Cycles of Feeding and Fasting Drive Circadian Gene Expression in the Liver
When you eat may be just as vital to your health as what you eat, researchers at the Salk Institute have discovered. Their experiments in mice revealed that the daily waxing and waning of thousands of genes in the liver—the body's metabolic clearinghouse—is mostly controlled by food intake and not by the body's circadian clock as conventional wisdom had it.
"If feeding time determines the activity of a large number of genes completely independent of the circadian clock, when you eat and fast each day will have a huge impact on your metabolism," says the study's leader Satchidananda (Satchin) Panda, an assistant professor in the Regulatory Biology Laboratory.
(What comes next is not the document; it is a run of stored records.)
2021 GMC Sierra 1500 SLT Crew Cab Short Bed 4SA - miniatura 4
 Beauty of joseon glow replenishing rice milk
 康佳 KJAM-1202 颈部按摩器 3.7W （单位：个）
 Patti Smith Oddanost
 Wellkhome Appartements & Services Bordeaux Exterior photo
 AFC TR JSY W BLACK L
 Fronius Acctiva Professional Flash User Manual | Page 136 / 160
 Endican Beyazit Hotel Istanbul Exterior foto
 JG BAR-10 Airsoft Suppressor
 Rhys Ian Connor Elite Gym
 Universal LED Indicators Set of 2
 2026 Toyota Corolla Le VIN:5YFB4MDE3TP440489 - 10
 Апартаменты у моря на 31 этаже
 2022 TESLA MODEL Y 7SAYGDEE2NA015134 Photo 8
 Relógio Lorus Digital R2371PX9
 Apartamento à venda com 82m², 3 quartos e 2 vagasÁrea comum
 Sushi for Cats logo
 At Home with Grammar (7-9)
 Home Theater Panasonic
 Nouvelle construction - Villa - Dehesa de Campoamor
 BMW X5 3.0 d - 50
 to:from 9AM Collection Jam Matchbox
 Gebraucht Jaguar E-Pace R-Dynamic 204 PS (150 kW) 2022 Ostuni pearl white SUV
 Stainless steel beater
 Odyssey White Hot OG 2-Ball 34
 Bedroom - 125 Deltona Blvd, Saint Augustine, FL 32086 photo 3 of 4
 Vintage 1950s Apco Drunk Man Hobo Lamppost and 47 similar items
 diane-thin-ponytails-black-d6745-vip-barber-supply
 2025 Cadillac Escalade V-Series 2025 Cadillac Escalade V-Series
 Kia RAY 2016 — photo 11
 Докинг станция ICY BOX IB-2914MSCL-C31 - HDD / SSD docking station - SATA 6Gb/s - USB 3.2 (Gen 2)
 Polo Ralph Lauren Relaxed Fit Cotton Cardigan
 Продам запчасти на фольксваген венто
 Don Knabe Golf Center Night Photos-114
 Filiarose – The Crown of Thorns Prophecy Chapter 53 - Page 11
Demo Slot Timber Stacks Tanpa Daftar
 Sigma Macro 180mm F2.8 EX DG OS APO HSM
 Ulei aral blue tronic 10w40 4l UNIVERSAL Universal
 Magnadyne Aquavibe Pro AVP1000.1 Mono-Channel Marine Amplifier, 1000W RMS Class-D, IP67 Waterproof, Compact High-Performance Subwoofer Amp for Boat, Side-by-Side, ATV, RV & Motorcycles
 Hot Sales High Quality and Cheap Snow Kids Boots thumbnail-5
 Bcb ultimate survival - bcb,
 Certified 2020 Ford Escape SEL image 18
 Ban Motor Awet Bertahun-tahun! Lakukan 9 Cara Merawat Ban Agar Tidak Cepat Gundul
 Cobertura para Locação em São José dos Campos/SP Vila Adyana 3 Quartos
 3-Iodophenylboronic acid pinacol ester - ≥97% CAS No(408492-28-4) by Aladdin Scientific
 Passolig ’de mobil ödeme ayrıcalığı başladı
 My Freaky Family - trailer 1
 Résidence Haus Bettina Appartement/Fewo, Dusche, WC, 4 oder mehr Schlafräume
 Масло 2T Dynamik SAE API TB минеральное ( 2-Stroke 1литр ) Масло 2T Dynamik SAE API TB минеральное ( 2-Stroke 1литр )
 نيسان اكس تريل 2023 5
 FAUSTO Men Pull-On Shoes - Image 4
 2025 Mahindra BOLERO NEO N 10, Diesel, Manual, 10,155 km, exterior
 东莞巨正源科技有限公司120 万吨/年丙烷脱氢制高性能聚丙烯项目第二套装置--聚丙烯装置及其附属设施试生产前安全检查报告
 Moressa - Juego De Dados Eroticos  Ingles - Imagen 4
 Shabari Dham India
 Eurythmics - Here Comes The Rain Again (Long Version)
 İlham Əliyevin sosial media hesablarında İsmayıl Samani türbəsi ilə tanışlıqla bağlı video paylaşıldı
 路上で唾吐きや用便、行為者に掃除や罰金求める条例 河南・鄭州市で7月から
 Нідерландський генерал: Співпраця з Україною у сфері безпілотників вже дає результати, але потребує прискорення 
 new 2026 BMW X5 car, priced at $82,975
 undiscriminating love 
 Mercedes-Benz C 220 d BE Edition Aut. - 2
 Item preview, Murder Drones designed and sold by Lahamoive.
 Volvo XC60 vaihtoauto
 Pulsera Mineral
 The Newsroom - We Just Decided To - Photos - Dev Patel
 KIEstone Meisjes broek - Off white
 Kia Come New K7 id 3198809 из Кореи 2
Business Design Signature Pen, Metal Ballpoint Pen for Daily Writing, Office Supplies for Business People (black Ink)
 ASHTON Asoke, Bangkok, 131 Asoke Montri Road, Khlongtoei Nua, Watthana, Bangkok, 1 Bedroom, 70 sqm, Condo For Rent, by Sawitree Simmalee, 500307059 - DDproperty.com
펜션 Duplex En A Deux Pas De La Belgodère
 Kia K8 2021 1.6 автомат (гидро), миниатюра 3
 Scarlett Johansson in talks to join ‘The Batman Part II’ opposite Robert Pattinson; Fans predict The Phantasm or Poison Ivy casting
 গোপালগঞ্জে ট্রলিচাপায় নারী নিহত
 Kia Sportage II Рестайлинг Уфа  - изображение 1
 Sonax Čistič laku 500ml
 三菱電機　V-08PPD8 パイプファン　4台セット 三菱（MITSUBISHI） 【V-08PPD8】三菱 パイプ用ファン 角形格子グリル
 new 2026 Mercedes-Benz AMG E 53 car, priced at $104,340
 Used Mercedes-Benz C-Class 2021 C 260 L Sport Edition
To investigate how much influence rhythmic food intake exerts over the hepatic circadian oscillator, graduate student and first author Christopher Vollmers put normal and clock-deficient mice on strictly controlled feeding and fasting schedules while monitoring gene expression across the whole genome.
They found that putting mice on a strict 8-hour feeding/16-hour fasting schedule restored the circadian transcription pattern of most metabolic genes in the liver of mice without a circadian clock. Conversely, during prolonged fasting, only a small subset of genes continued to be transcribed in a circadian pattern even with a functional circadian clock present.
In mammals, the circadian timing system is composed of a central circadian clock in the brain and subsidiary oscillators in most peripheral tissues. The master clock in the brain is set by light and determines the overall diurnal or nocturnal preference of an animal, including sleep-wake cycles and feeding behavior. The clocks in peripheral organs are largely insensitive to changes in the light regime. Instead, their phase and amplitude are affected by many factors including feeding time.
"The liver oscillator in particular helps the organism to adapt to a daily pattern of food availability by temporally tuning the activity of thousands of genes regulating metabolism and physiology," says Panda. "This regulation is very important, since the absence of a robust circadian clock predisposes the organism to various metabolic dysfunctions and diseases."
"Our study represents a seminal shift in how we think about circadian cycles," he says. "The circadian clock is no longer the sole driver of rhythms in gene function, instead the phase and amplitude of rhythmic gene function in the liver is determined by feeding and fasting periods—the more defined they are, the more robust the oscillations become."